Then call the UDAF by passing inputSchema and apply aggregation function

val udaf = new MovieAggregateFunction(df.schema)
df = df.groupBy("Name").agg(udaf(col("sn"), col("Name"), col("Video_part"), col("Bytes D1"), col("latest")).as("aggOut"))

The output until now is

+-----+------------------------------------------------------------------------------------------------------------------------+
|Name |aggOut                                                                                                                  |
+-----+------------------------------------------------------------------------------------------------------------------------+
|Bob  |Bob::1::Play::0::1000.0&&Bob::0::Skip_in::31::0&&Bob::3::Play::0::410.0&&Bob::0::Skip_out::19::0&&Bob::2::Play::0::600.0|
|Alice|Alice::3::Play::0::283.3333333333333&&Alice::0::Skip_in::4::0&&Alice::2::Play::0::150.0                                 |
+-----+------------------------------------------------------------------------------------------------------------------------+

We already have the desired output.
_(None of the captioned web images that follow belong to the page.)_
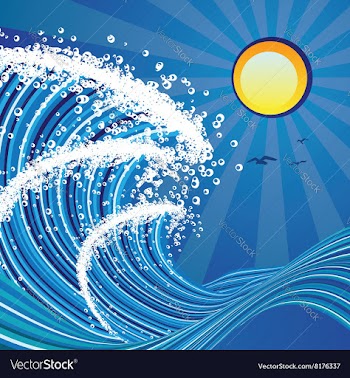 Cartoon Stormy Sea vector image
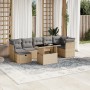 Set de sofás de jardín y cojines 8 piezas ratán sintético beige de , Conjuntos de jardín - Ref: Foro24-3274669, Precio: 526,1...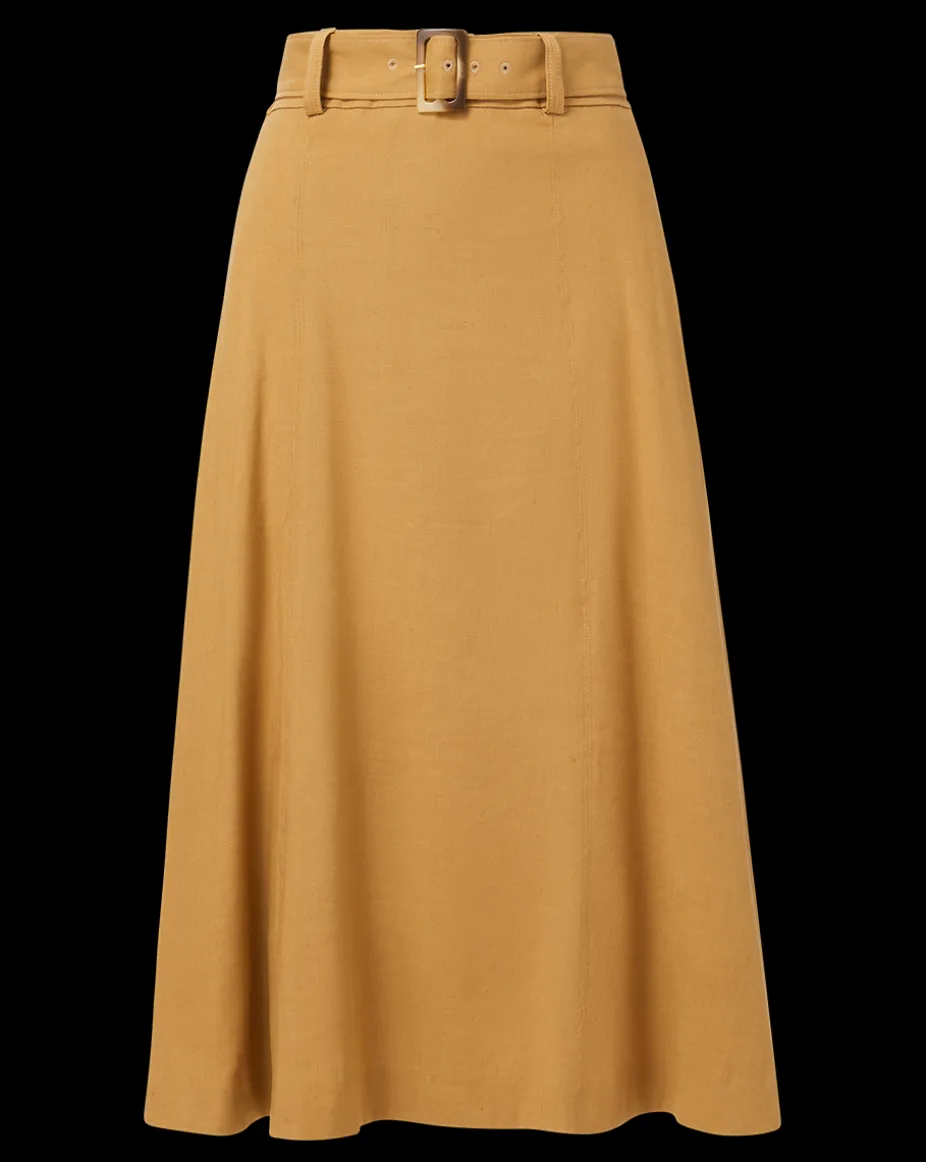 Khaki Linen A-Line Skirt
Now to convert the aggOut column into a separate dataFrame, convert it to rdd, split them and convert back to dataFrame as below

val lineRdd = df.rdd.flatMap(row => row(1).toString.split("&&").toList)
val valueRdd = lineRdd.map(line => {
  val list = mutable.MutableList[String]()
  for(value <- line.split("::")){
    list += value
  }
  Row.fromSeq(list)
  })
val outputFields = Vector("Name", "Number_play", "Event", "Number_skips", "Mean_bytesDL")
val schema = StructType(outputFields.map(field => StructField(field, DataTypes.StringType, true)))
df = sqlContext.createDataFrame(valueRdd, schema)
df.show(false)

The final output is

+-----+-----------+--------+------------+-----------------+
|Name |Number_play|Event   |Number_skips|Mean_bytesDL     |
+-----+-----------+--------+------------+-----------------+
|Bob  |1          |Play    |0           |1000.0           |
|Bob  |0          |Skip_in |31          |0                |
|Bob  |3          |Play    |0           |410.0            |
|Bob  |0          |Skip_out|19          |0                |
|Bob  |2          |Play    |0           |600.0            |
|Alice|3          |Play    |0           |283.3333333333333|
|Alice|0          |Skip_in |4           |0                |
|Alice|2          |Play    |0           |150.0            |
+-----+-----------+--------+------------+-----------------+

Note : the final dataTypes are all String, you can change them according to your need.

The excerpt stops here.